毎日三枚小説『ウインカー』
「三月は繁忙期だから代替車これしかないんだけどいい?」
国道沿いにあるカーショップのおっさんにそう言って渡された車は社長の愛用している車と同じものだった。
ポルシェ911カレラ。丸みを帯びたフォルムに鈍く銀色に輝くボディー。傷一つなく、見ているだけで寒気がしてくる。新車なら家一軒建つ位の価値があるのだから当然だ。
「まあ、保険には入ってるから気にしないで乗ってよ。三日ぐらいでできるから」
おっさんは汚れた作業着に似合う笑みを浮かべて言う。僕は信じられないという気持ちで首を振ったが気持ちはもうポルシェ一色だった。
違いは一瞬で判った。営業用のプロボックスとは加速が違う。左ハンドルに不慣れな為速度は落として走ったが信号から発進すると、軽く隣の車を追い越せた。毎日営業で車を走らせてばかりだが、今日ばかりはどこまでも国道を走って行きたい気分だった。

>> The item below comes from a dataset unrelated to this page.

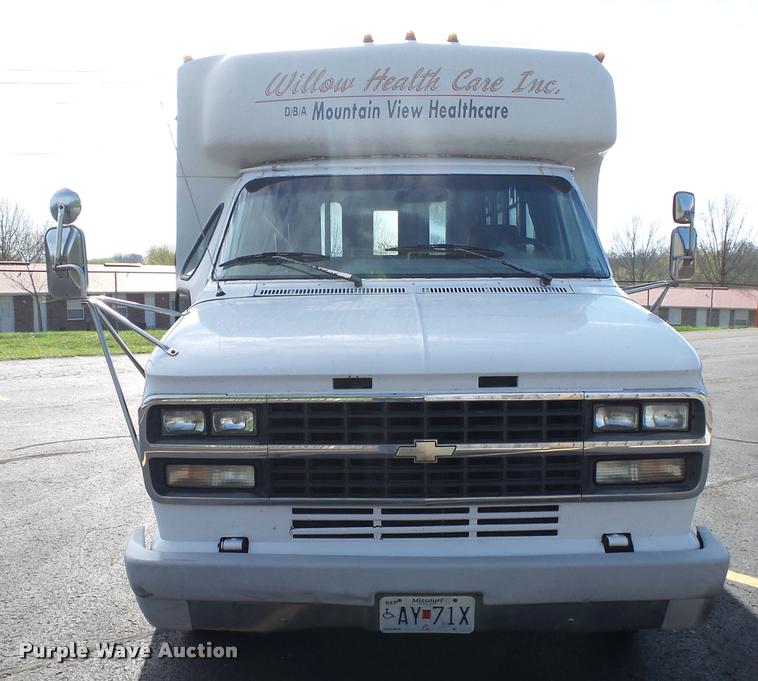 image for item DA2648 1995 Chevrolet 30 HD shuttle bus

会社に戻りすぐ自慢話。同僚は冗談だと思って軽く聞き流すが帰り一目みて驚いていた。三鷹にある自宅まで三十分かかるが、その日は代替車をかりたまま自分の車をほったらかしにして家に帰った。物足りなさを感じるぐらいでついつい彼女を呼び出して助手席に乗せた。
「いつもはドライブなんて嫌がるのにね」
彼女は笑ってそう言う。
折角だから中央道で八王子ぐらいまで向かおうと調布のインターチェンジへ向かう。
しかし途中でふとアクシデントが起きた。何も触ってもいないというのに交差点の前で右折のウインカーが付いた。

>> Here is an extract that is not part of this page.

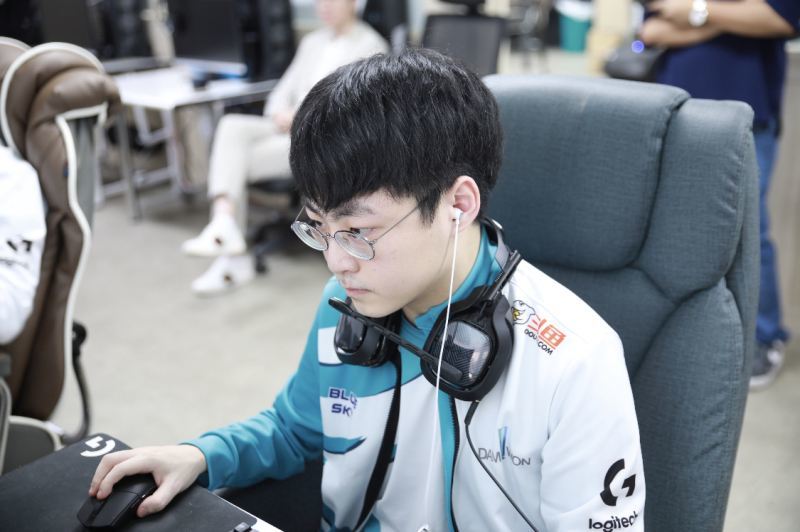 对于showmaker,大多数人对于他的印象,就是lck新生代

僕は驚き何が起こったのかと思っているとウインカーは消える。しかしまた次の交差点に差し掛かると右折のウインカーが付いた。外車にはよくあることだろうと僕は言ったが、何より彼女がとても怖がっていた。当たり前だ。
仕方無く僕は車を三鷹の自宅に戻し、悶々としたままその日を終えた。
昨日のことを同僚に話すと、「じゃあ俺がその車で営業するよ」としゃしゃり出てきたので、怖さより意地になって911カレラで営業に出掛けた。三流スポーツシューズメーカーであるうちの会社では様々な所にアポを取って営業に出掛ける。今日は新製品を取引先に見せに行くだけだから気が楽だった。
昨日と同じ所を通ると、やっぱり右折のウインカーが向いた。昨日は夜だったから恐ろしく感じたが、昼で二度目だったのでそんなに怖くもなかった。

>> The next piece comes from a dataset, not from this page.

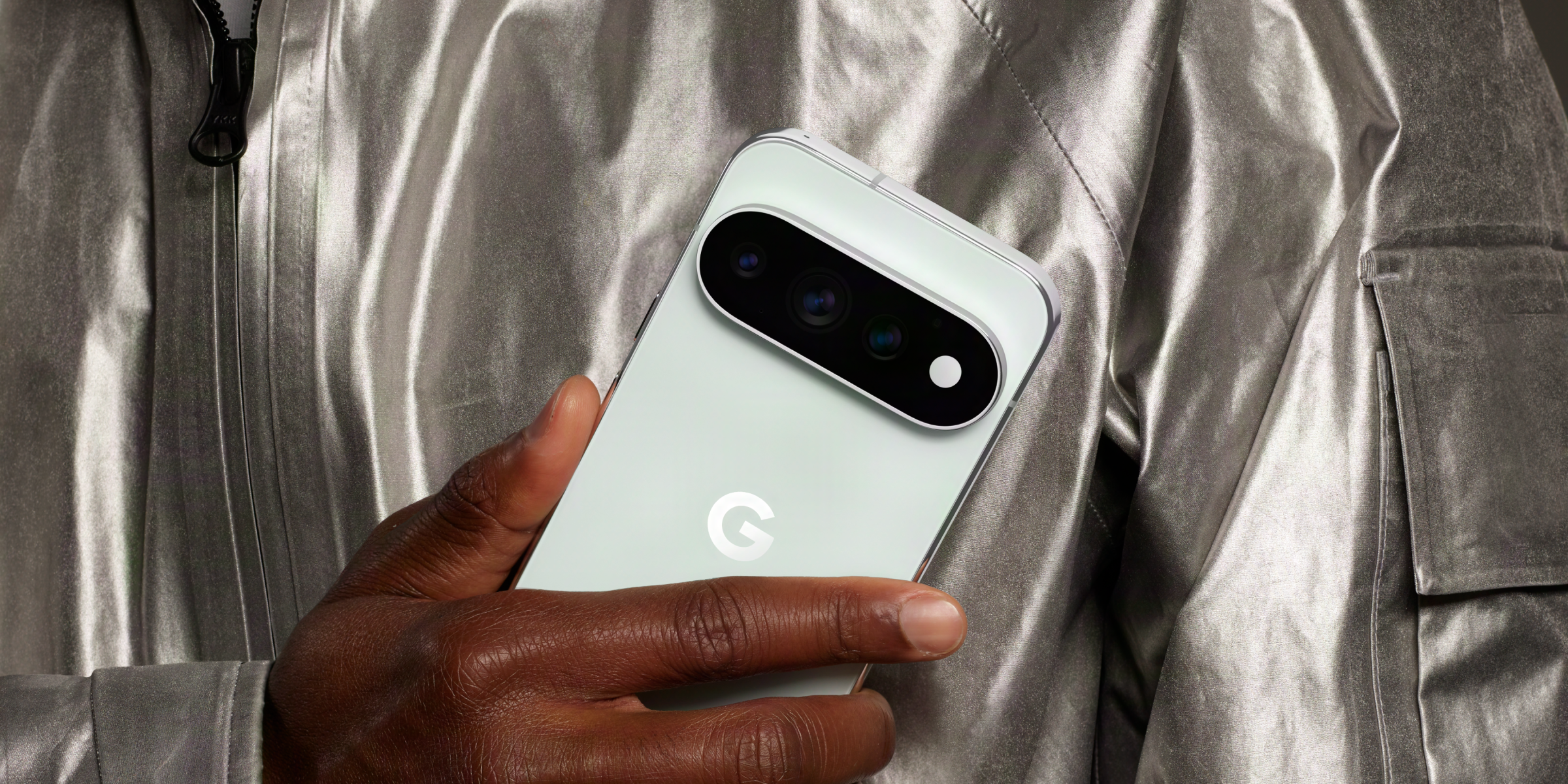Vrouw houdt lichtgroene Google Pixel 11 Pro vast in hand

午前中に3社回り、昼の時間になる。どこかで食べようとさっきの国道を走らせると左折のウインカーが付いた。
まあ、いいや。腹減ったし……。
でも今回は交差点を過ぎてもずっと付いたままだ。ウインカーを右折に変えても変化はない。
仕方無いな。明日には車検が終わるし、と観念し適当な交差点を左折した。
県道に入ると左折、右折と次々と指示がでて、最後にはプーとクラクションがなった。目の前は大きなマンションがあって、僕はしばらくそのマンションを眺めた。
十分ほど経っただろうか?もう良いだろうと思いアクセルを踏むが何の反応もなかった。
最低だ。あの親父に文句言って車検代ちょろまかせてやろう。そう思って居るとまたクラクションが鳴った。
ふとマンションを見上げるとベランダで洗濯物を干している主婦がいた。
顔は良く見えなかったようだが、気づいているらしい。しばらく見ていると主婦の後ろから人影が現れた。おそらく夫なのだろうが平日なのに休みとはいい気なもんだ。
主婦と夫が僕に気がついて部屋に入る。外に出てくるような雰囲気があった。
僕が知らない相手とどういう顔をしたらいいのか困惑した。
「いやー実は車が勝手にここまで運んできたんですよ〜」
頭がおかしい人にしか見られないだろう。警察を呼ばれるかもしれない。
そう思って居ると勝手に車が動きだした。とは言っても本当にゆっくりと……。
「全く外見と違ってカッコつかねえなあ」
僕がそう言うと車は普通に走りだし、何事も無かったかのように無言になった。
もちろんこんな話だれも信じないだろう。彼女なら信じるだろうけど、嫌がるだろうなと思った。
だから誰にも言わず仕事をこなし、つまらない夕食をすまし何となく明日に期待していた。
車屋のオッサンは何も言ってくれなかった。
「そんな馬鹿な」
そう貸した時と同じ様に笑い、それ以外何の感情もしめさなかった。昨日は夢じゃないんだけどな。まあいいか。
そう思って車検の終わったプロボックスに乗り込むと911カレラはハザードをたいた。
「ありがとよ」
シケた面でそう言っているポルシェは妙に可愛かった。